Build your libraries, all you book nerds! And not just with books. Collect physical media of all kinds – even physical copies of movies on whatever you can find – VHS, DVD, Blu-ray, and Betamax… music on CDs, records, cassette tapes, and 8-track cartridges. Put them into your wills, and impress the importance of their survival upon your children, grandchildren, little cousins, nieces and nephews!
The Internet can be turned off, or bombed out of existence one day – OR – everything on it will, more likely, become unreliable, and unreal.
Physical media will be much more resistant to this.
And that’s what Fahrenheit 451 is all about – the resilience of physical media.
It paints the picture of a dystopian future where humanity has become lulled into a zombified state of dependence on total immersion in digital screens, that project narratives undistinguishable from reality. Sound familiar?
The primary aspiration of homeowners, is to convert all four walls of their living rooms (not just three) into wallpaper screens that immerse them into their favorite shows. The characters in the sitcoms even include them at times.
And when they retire from the living room, they fall asleep at night with the assistance of pills and earbuds. That’s right. Bradbury thought of this 72 years ago.
Anyway…
The music and programs they’re listening to and watching, are tightly controlled for them – by the State. Most of them, don’t even realize this, and they don’t care, as long as they are sufficiently stimulated when they need to be, and sedated when they need to be.
The hero – Guy Montag – is not sufficiently stimulated or sedated. Because, the spirit can never truly be manipulated or subdued – without consequences.
Montag is one of the “Firemen,” a taskforce of Gestapo-like squads who maintain control over freedom of thought, by seeking out and burning to ash, any books that exist. They take a flamethrower to all physical media and art forms. Bradbury gave the novel its name from the degree of heat at which paper becomes combustible.
As the novel explores, freedom of thought cannot be controlled. It’s part of the natural state of humanity. And Montag is the lens through which we investigate this phenomenon. As the novel progresses, we see him go from mindless automaton, to independent human being.
I won’t give the details of his transformation away, because it’s not that many pages, and you should read it. Or, if you must, at least listen to it on audio.
But the answer to humanity’s decent into darkness, comes in the form of a nuclear holocaust, that spares a small band of human beings taking refuge in the countryside, outside the cities – those who refuse to bow to the gods of society.

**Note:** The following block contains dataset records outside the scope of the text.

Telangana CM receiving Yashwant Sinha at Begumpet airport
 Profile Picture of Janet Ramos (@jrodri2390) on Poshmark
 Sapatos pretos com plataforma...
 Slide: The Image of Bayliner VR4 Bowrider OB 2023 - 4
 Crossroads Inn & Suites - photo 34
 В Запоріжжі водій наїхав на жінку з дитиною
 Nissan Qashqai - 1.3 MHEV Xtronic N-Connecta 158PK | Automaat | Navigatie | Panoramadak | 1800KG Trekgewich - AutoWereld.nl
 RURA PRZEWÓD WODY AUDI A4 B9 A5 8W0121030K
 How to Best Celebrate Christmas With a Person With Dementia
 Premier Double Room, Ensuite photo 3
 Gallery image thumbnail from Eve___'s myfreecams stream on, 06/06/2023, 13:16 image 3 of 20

They commit to memory the books that they are able to preserve – making their brains into hard drives that can only be erased by death. Montag is coached into this process by those who are older and wiser than him – the elders, dressed in rags, surviving on scraps of bacon, who huddle over fires in the dead of night, out in the woods, passing on their wisdom.
And I think there is something beautiful in that. Campfires are, after all, the original screens.
And bacon… well, that’s not so bad, as far as scraps go.
And as for Montag – the books he commits to memory are two of the best ever written – Ecclesiastes and Revelation.
No one will ever be able to burn those two books out of existence. I guarantee it.
“You don’t have to burn books to destroy a culture. Just get people to stop reading them.”